Pull out of the data below the stretch of lines bounded by the one containing "Gabriele Semifinal Piano 2024 25" and the one containing "04-06 Lexus UCF30L", both bounds included, unchanged.

● **Data under study**:
┄┄┄┄┄┄

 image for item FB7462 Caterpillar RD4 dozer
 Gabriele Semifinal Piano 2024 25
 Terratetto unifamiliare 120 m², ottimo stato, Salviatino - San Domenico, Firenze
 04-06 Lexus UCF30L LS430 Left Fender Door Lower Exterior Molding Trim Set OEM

┄┄┄┄┄┄

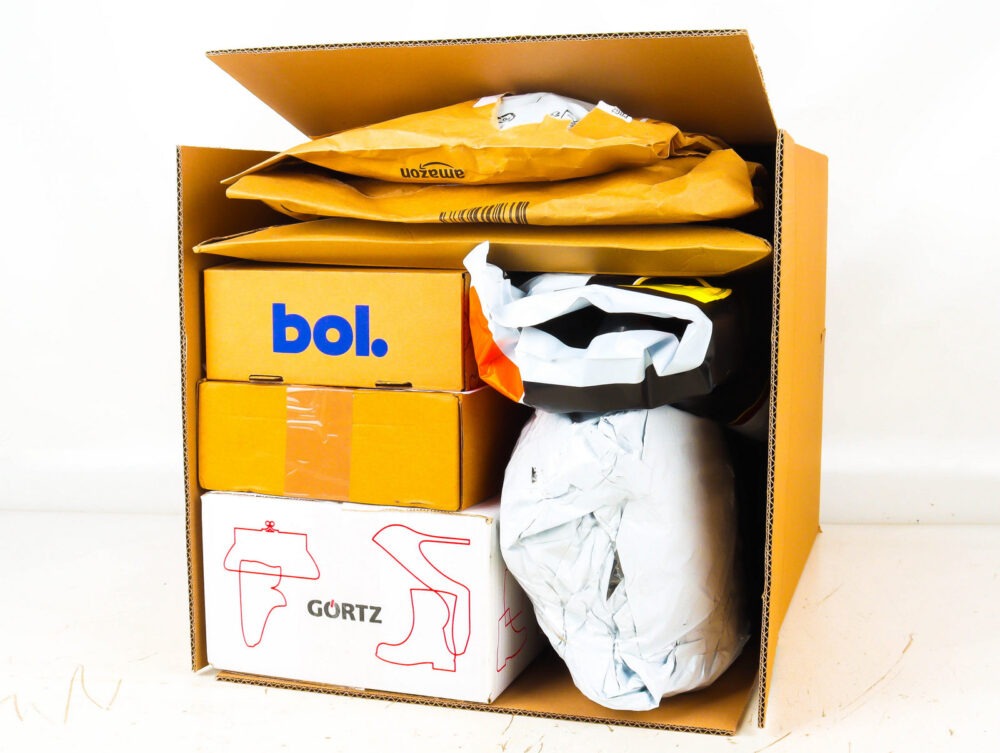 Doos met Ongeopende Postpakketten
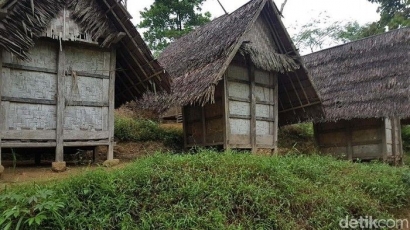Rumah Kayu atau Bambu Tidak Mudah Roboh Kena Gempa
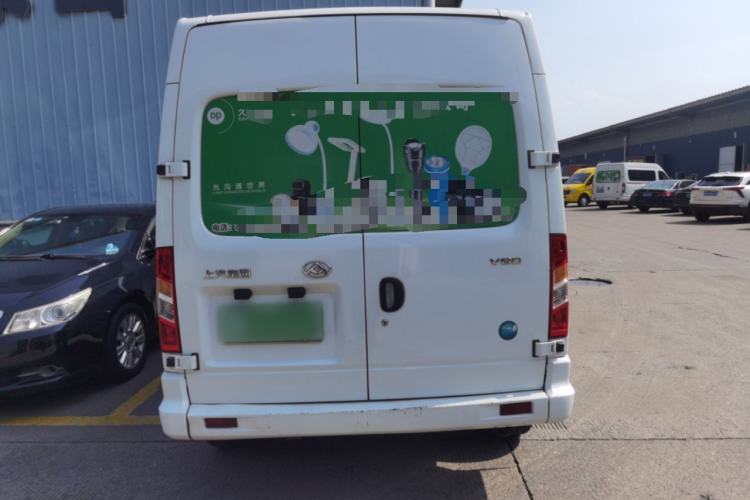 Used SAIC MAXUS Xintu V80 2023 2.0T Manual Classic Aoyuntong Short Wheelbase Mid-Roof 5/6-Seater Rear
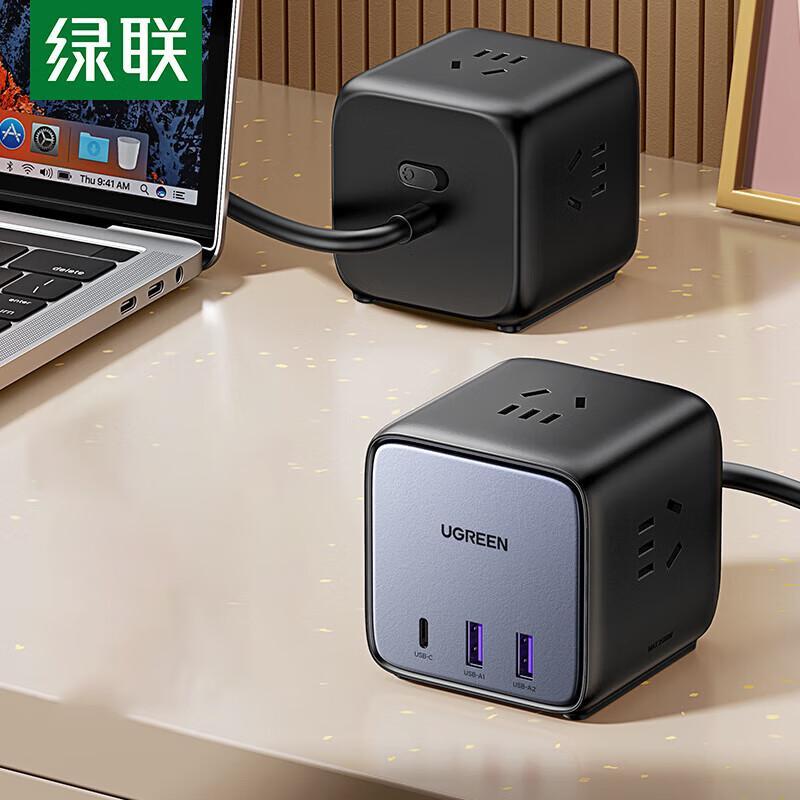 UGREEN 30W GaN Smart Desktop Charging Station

┄┄┄┄┄┄

● **Solved problem**:
 Gabriele Semifinal Piano 2024 25
 Terratetto unifamiliare 120 m², ottimo stato, Salviatino - San Domenico, Firenze
 04-06 Lexus UCF30L LS430 Left Fender Door Lower Exterior Molding Trim Set OEM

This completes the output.